Before his death in 1929 at the age of 27, Chashnik was one of Suprematism’s brightest stars. He graduated top of the class from Vitebsk and, along with Suetin, was one of Malevich’s favourite students. Chashnik applied himself with an unparalleled fervour and was described as ‘feverish’ and ‘magnetic’ by his peers. He worked across many disciplines: porcelain, architecture, textile and furniture design, typography.

Chashnik’s short life and the almost total destruction of the UNOVIS archives at Vitebsk during the Second World War mean that little of the artist’s work survives and the first posthumous exhibition in the West, organised by his son, was in Germany in 1978 where this work was shown. The impressive exhibition history of this lot also includes The Planar Dimension exhibition of 1979 at the Guggenheim where the Ermilov Self-Portrait sold at Sotheby’s in June 2014 was also shown.

The Suprematist reliefs represent a transitional stage between paintings and the (largely theoretical) architectural models – architectons. The floating elements in The Seventh Dimension, are the same two dimensional bars, or pure forms, transposed from his flatworks only now arranged with ‘cosmic’ gaps between them. This gives the suggestion of the elements being in flux in time and space, suspended in the cosmos.

The esoteric mathematician Peter Ouspensky, who greatly influenced the artists of the Russian avant-garde, had published a book on the fourth dimension in 1909 and the Kaluza-Klein discoveries of a fifth dimension were first published in 1921. However, Chashnik’s reference to a seventh dimension, a concept that wouldn’t be discovered in physics for another few decades, is best read as indicative of the degree to which he has departed the earthly three dimensions into pure transcendental space. His explanation, couched in the impenetrable language of Suprematist theory was: ‘I deal with three-dimensional structures, so my measurements are different. I see white against black, not white against white, thus establishing a seventh dimension’ (quoted in Ilya Grigorievich Chashnik - Watercolors, Drawings, Reliefs, New York: Leonard Hutton Galleries, 1979, p.14).

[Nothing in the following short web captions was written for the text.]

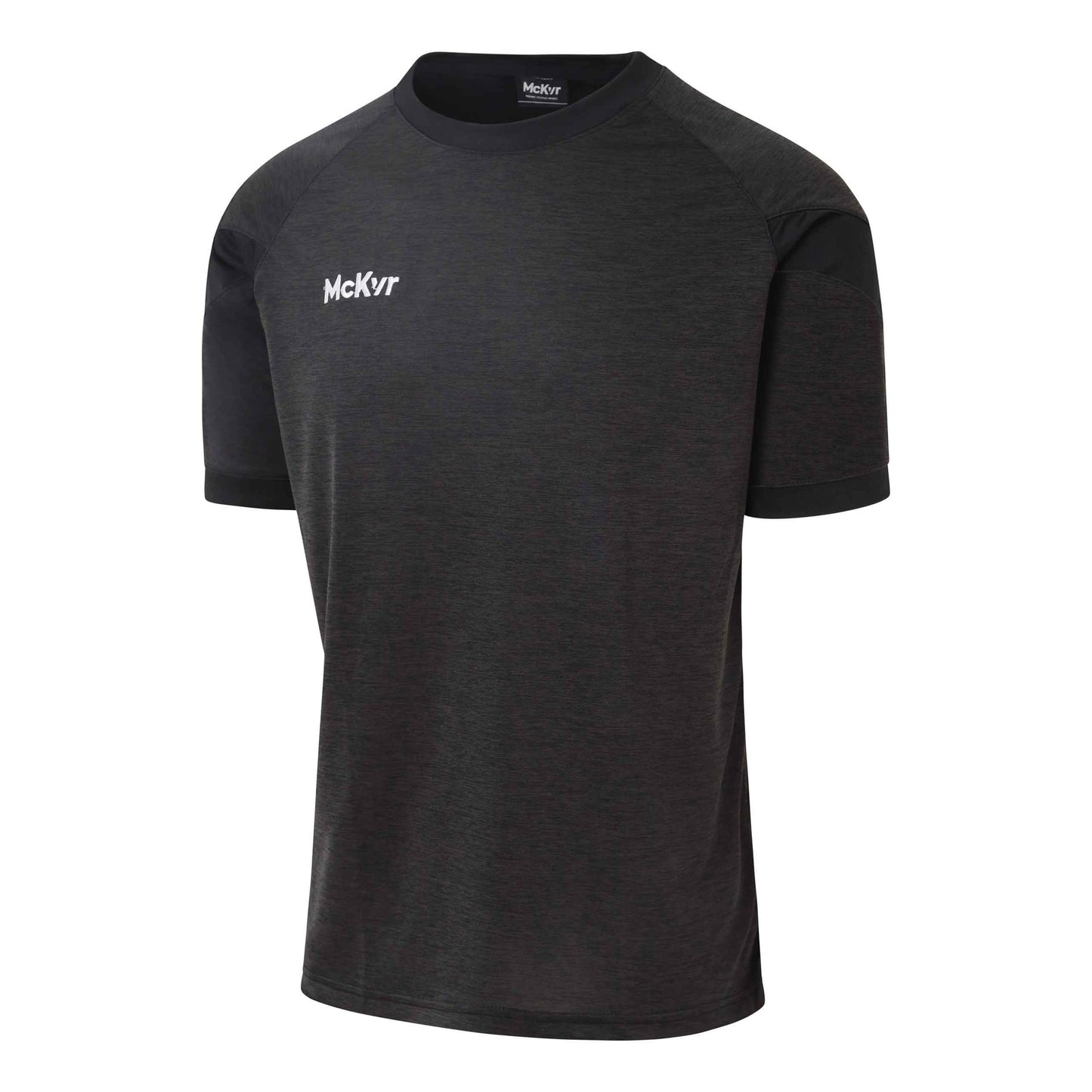 McKeever Core 22 Adult T-Shirt - 4XL - Black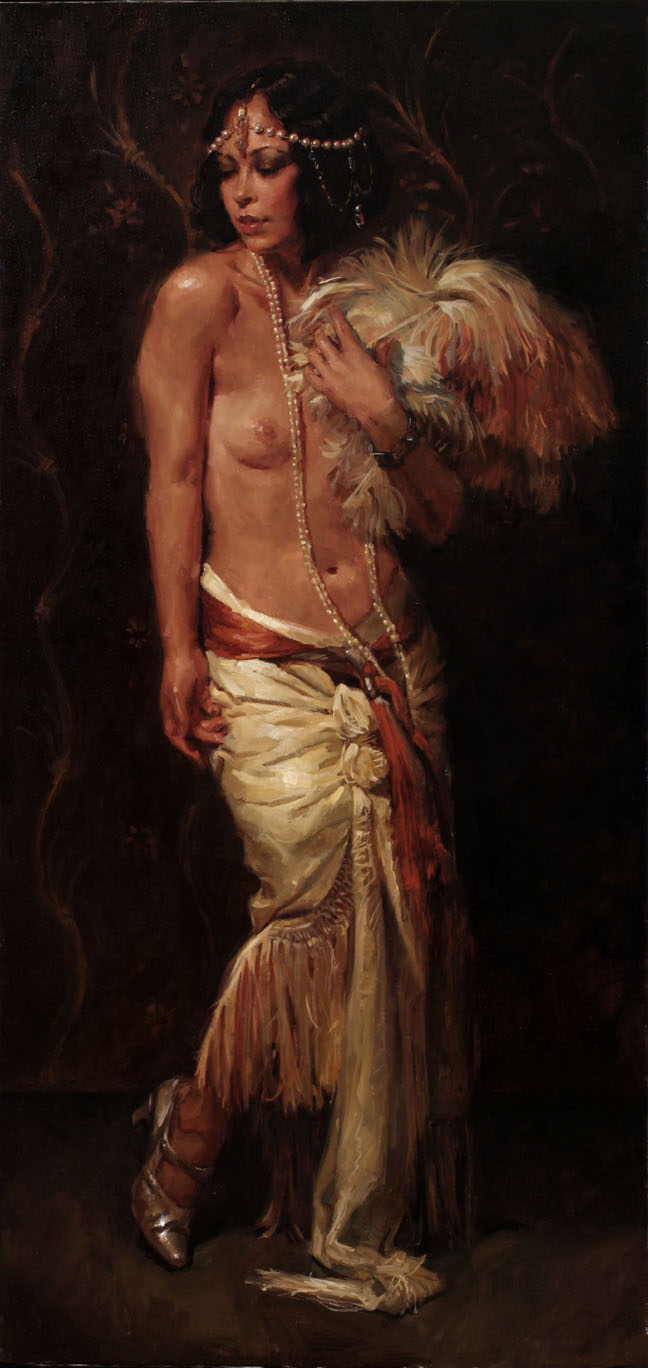 648x1368 Duchess Trading February 2012 - Flapper Painting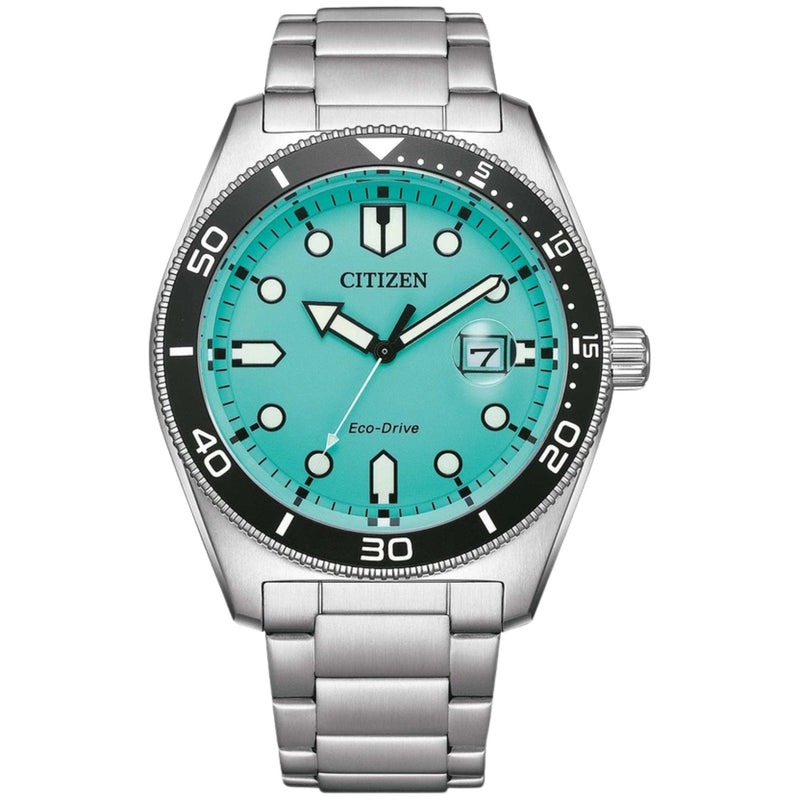 Citizen Solar Diver "Fantastic Four" Tiffany AW1760-81W - Kronura 
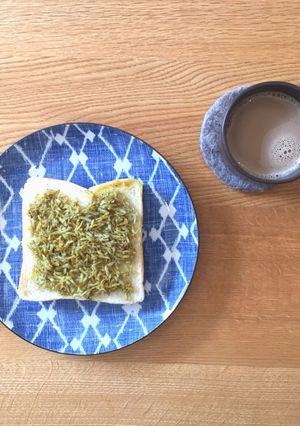 朝から美味しい＊しらすカレートースト-レシピのメイン写真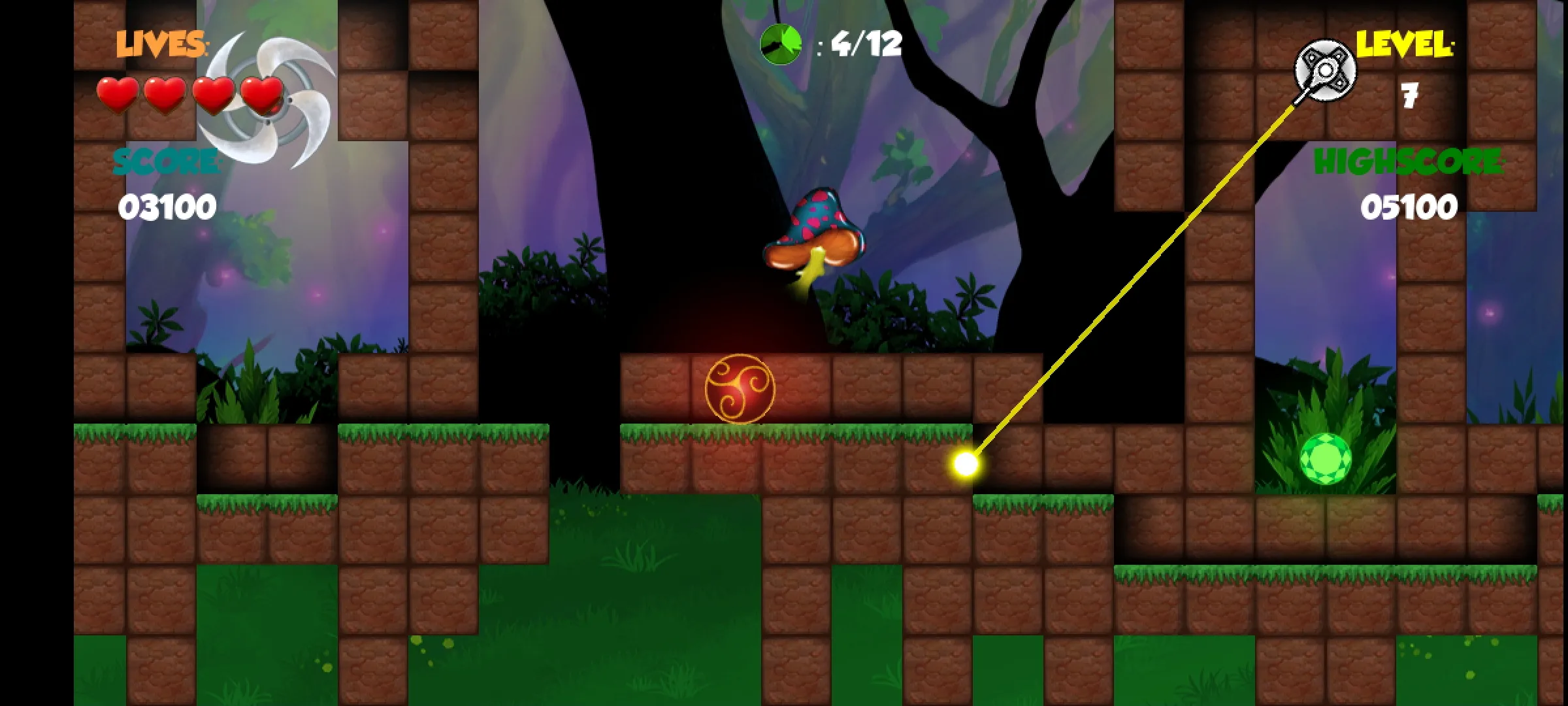 Red the Ball 1 | Indus Appstore | Screenshot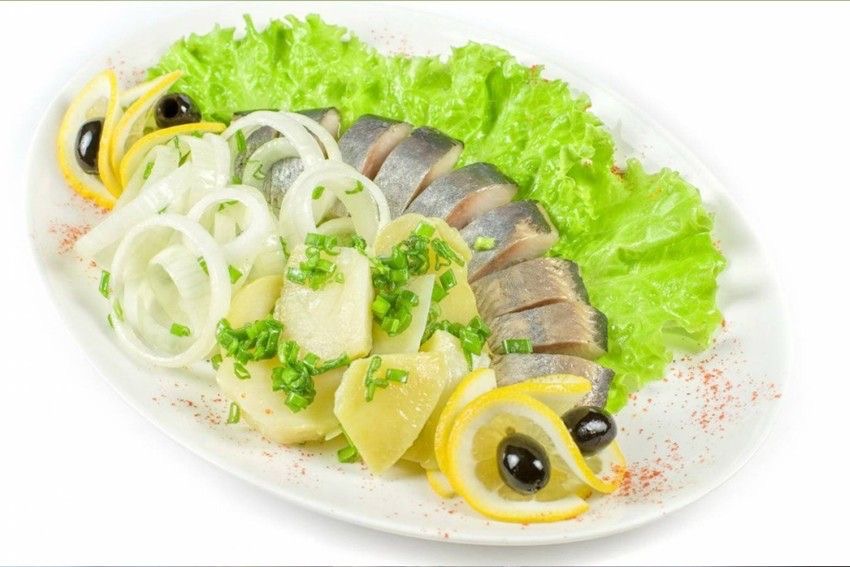 Селедочка под водочку 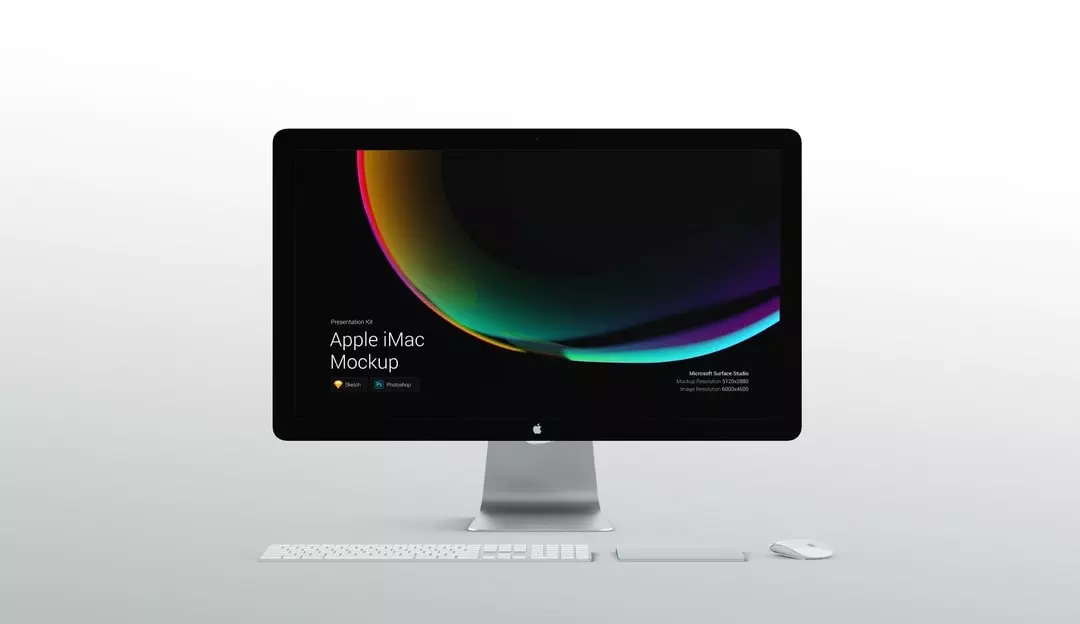 高逼格iMac & iMac Pro系列一体机样机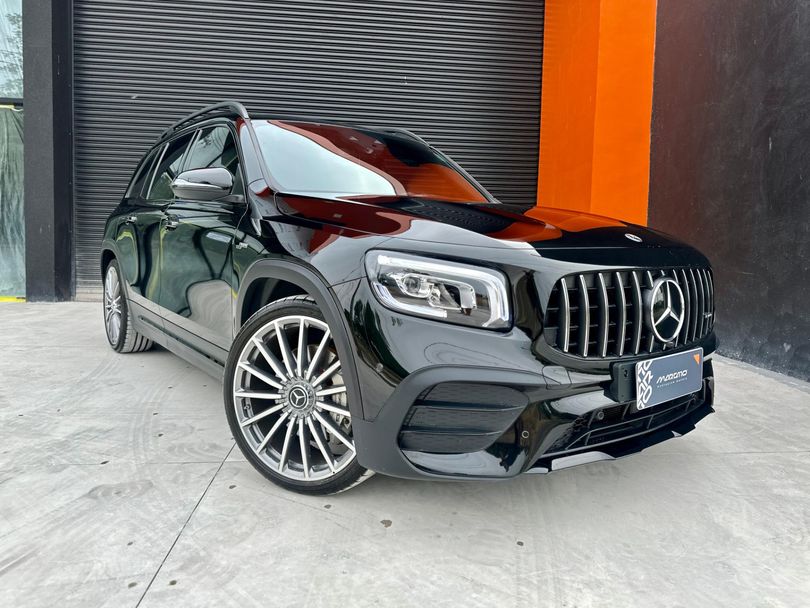 Mercedes GLB 35 AMG 4MATIC 2.0 Turbo Aut.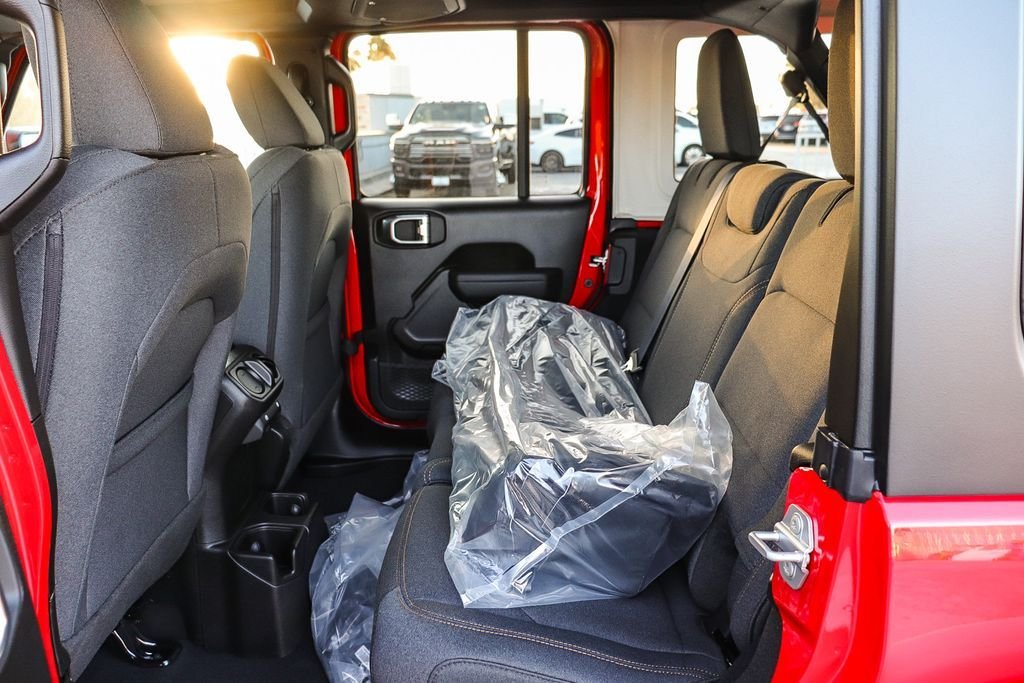 New 2026 Red Clearcoat Jeep Willys image 23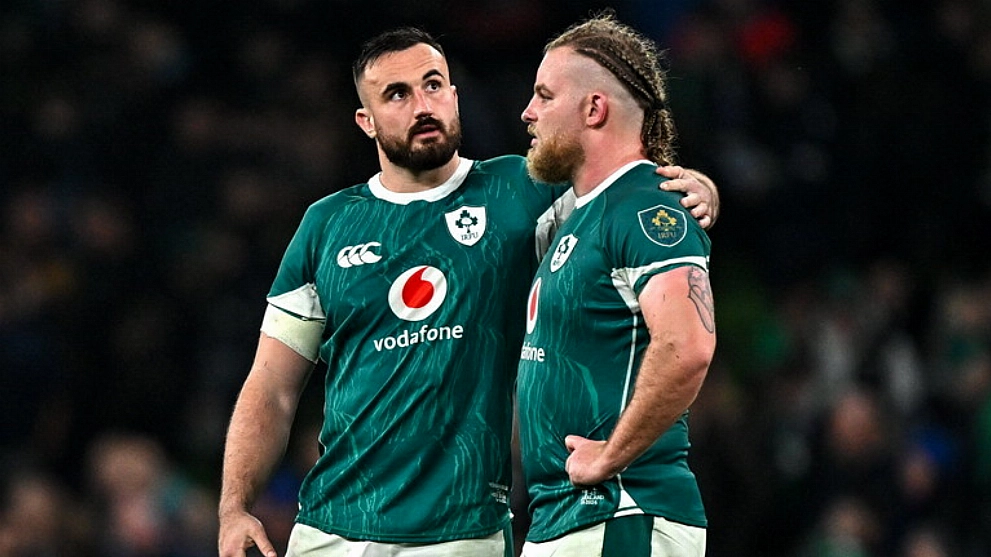 Ireland v New Zealand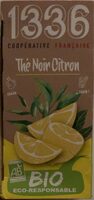 Thé noir Citron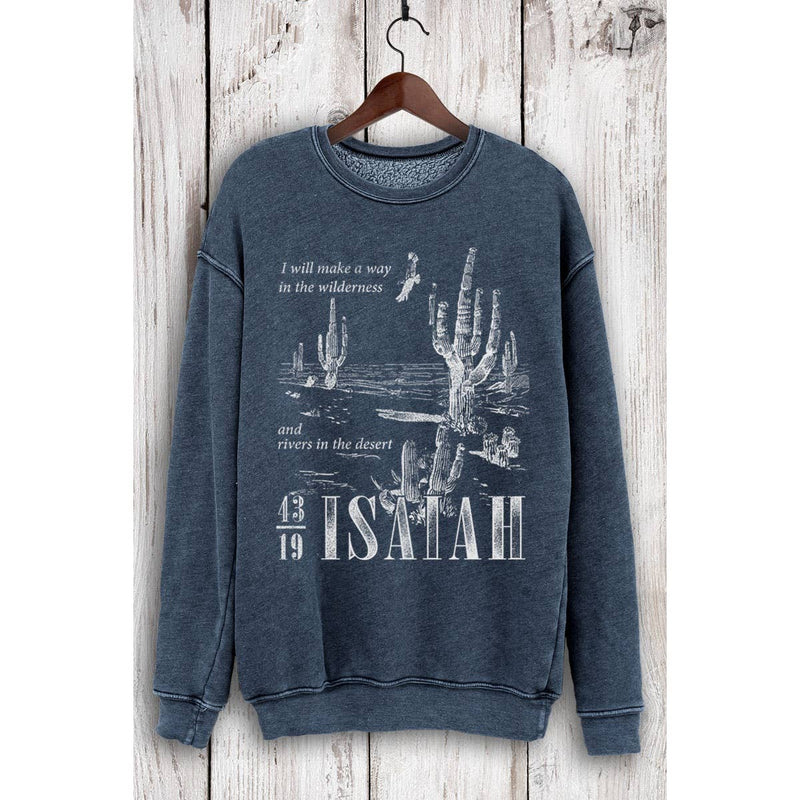 43 19 ISAIAH MINERAL SWEATSHIRTS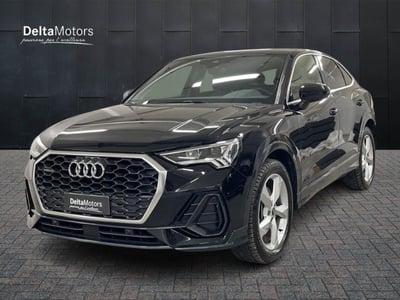 Audi Q3 Sportback 40 TDI quattro S tronic S line edition  del 2021 usata a Montecosaro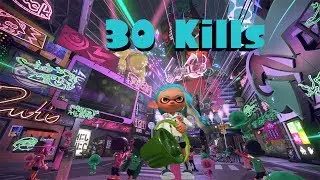 Splatoon 2 - Tri-Slosher DESTRUCTION | old school BoZss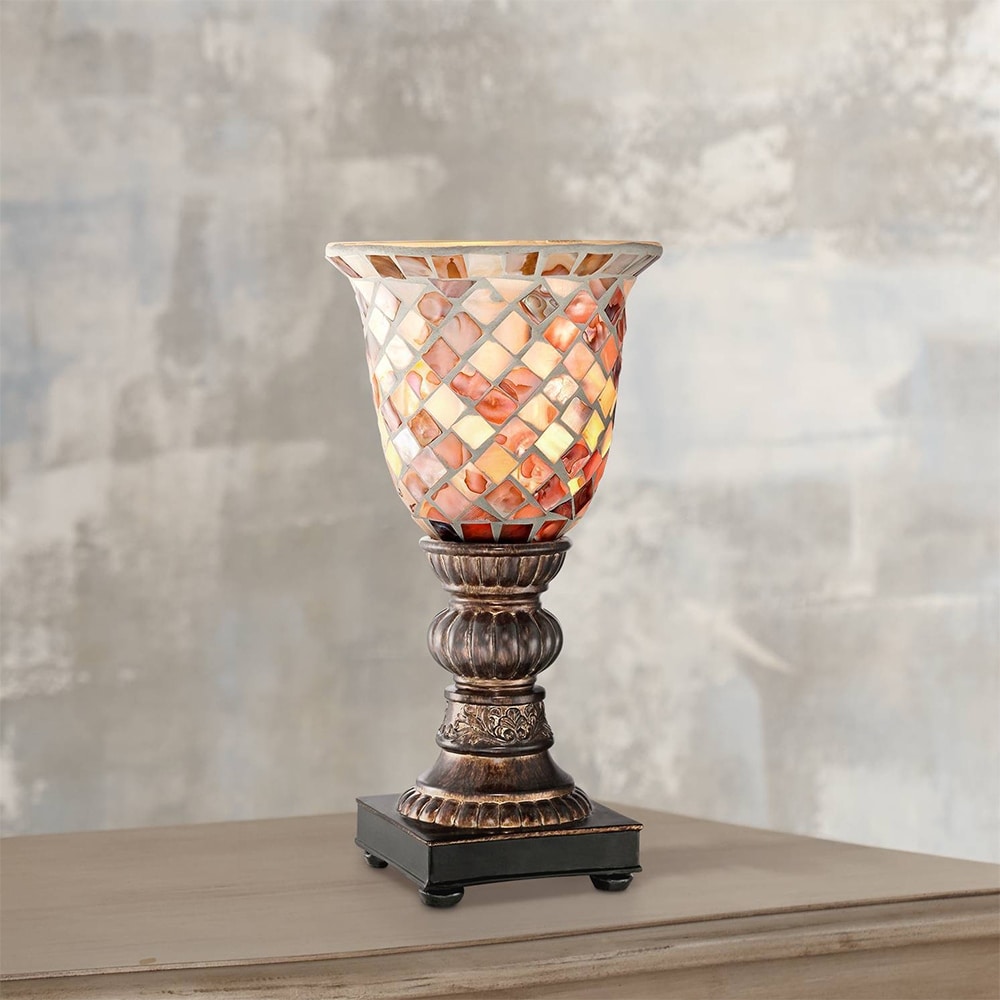 Traditional Uplight Accent Table Lamp 12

His first reliefs were exhibited at the Second and Third Exhibitions of UNOVIS Paintings held in 1921 and 1922 respectively and the subject of his diploma thesis at Vitebsk discussed the problem of the Suprematist creation of form. In a review of the Second exhibition the art critic Alexander Romm, whose brief directorship of the art school in 1919 had preceded Chagall and Malevich’s and who was generally biased towards the Suprematists, described the reliefs as ’strips of cheap white paper neatly glued onto cardboard’.